Raw Data Table and Normalization

Metric HLL4-12wrap HLL6-12wrap HLL8-12wrap CPC-11
Update Time nS 10.7 12.2 10.7 10.3
Ser Time nS 472 1,011 748 9,388
Deser Time nS 150 210 556 11,638
Merge Time nS 11,545 12,627 4,399 5,459
Solo Error RSE 0.013008666 0.013008666 0.013008666 0.013008666
Merge Error RSE 0.016233778 0.016233778 0.016233778 0.015316534
Size Bytes 2095 3113 4136 1229

In order to generate the following radar charts, the data was normalized as follows:

  • The relevant maximum values for each row was selected and effectively set to 1.0.
  • The other relevant columns in that row were computed as a fractional value between 0 and 1 with respect to the maximum value for that row.
  • The relevant columns for the HLL plot are columns 2, 3 and 4.
  • The relevant columns for the HLL, CPC plot are columns 2, 3, 4 and 5.

Reading the Radar Charts

  • The charts are configured to compare 7 radial dimensions.
  • All of the radial vectors are scaled from 0 to 1 as explained above.
  • The smaller the number on each of the radials the better is the metric.

The HLL Radar Chart

HLL_Radar.png

Interpreting the HLL radar chart:

  • Error The different TgtHllTypes are isomorphic with respect to accuracy, they are just different internal representations of the same retained data. As you can see the Merge Error and Solo Error are identical for all three types.
  • Size The HLL4, which uses 4 bits per slot, is the smallest followed by the HLL6 (6 bits/slot) then the HLL8 (8 bits/slot).
  • Update Time The HLL4 and HLL8 are about 12% faster than the HLL6 principally due to the fact that the 6-bit packing has more work to do than the other two.
  • Serialization Time The HLL4 is the fastest because has less data to serialize. The HLL6 is the slowest again because of the unpacking logic.
  • Deserialization Time In this case the HLL6 and HLL8 reverse positions. The HLL8 is the slowest. However, if you look at the data table you can see that all 3 are pretty fast.
  • Merge Time For this metric the HLL8 is clearly the fastest. This is largely do to dedicated optimizations that allow the HLL8 sketch to be very fast on merge.

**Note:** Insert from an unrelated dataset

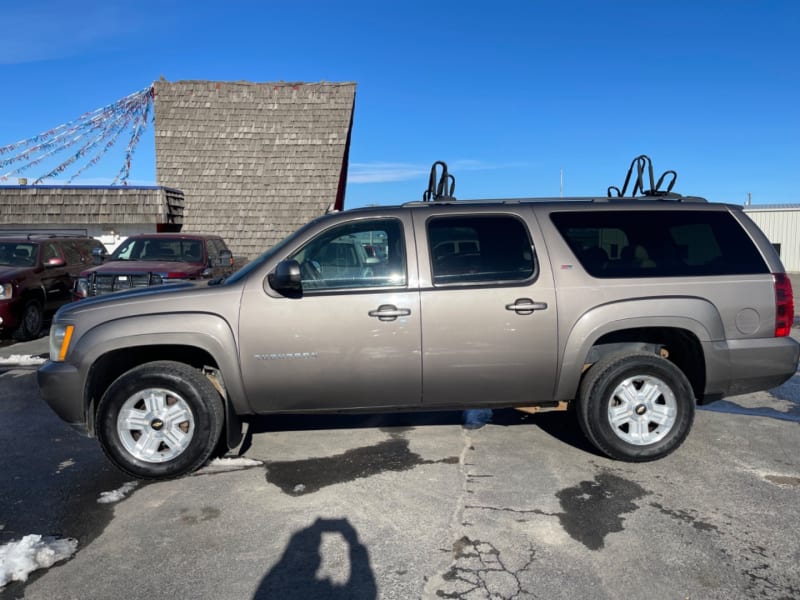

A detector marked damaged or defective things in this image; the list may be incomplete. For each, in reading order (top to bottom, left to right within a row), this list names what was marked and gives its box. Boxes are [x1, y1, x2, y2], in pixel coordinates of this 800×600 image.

cracked asphalt [1, 336, 800, 596]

The HLL and CPC Radar Chart

HLL_CPC_Radar.png

Interpreting the HLL, CPC radar chart:

  • Solo Error For a single sketch (no merging) all the sketch types are virtually identical in error.
  • Merge Error With Merging the CPC sketch is about 5.7% better than the HLL sketches.
  • Size Here the CPC sketch is the big winner. It is 41% smaller than the HLL4 sketch which is the smallest of the 3 HLL sketches.
  • SerDe Times Clearly the CPC sketch is the slowest to serialize and deserialize by more than a factor of 10.
  • Merge Time Here the CPC is nearly as fast as the HLL8. Note this is measuring just merge time independent of any deserialization.

Conclusion

Depending on what is important in your environment you should choose the sketch that best suits your needs.

Note that all of these tests were performed with the Java implementations of these sketches. The results for C++ or Python may be completely different.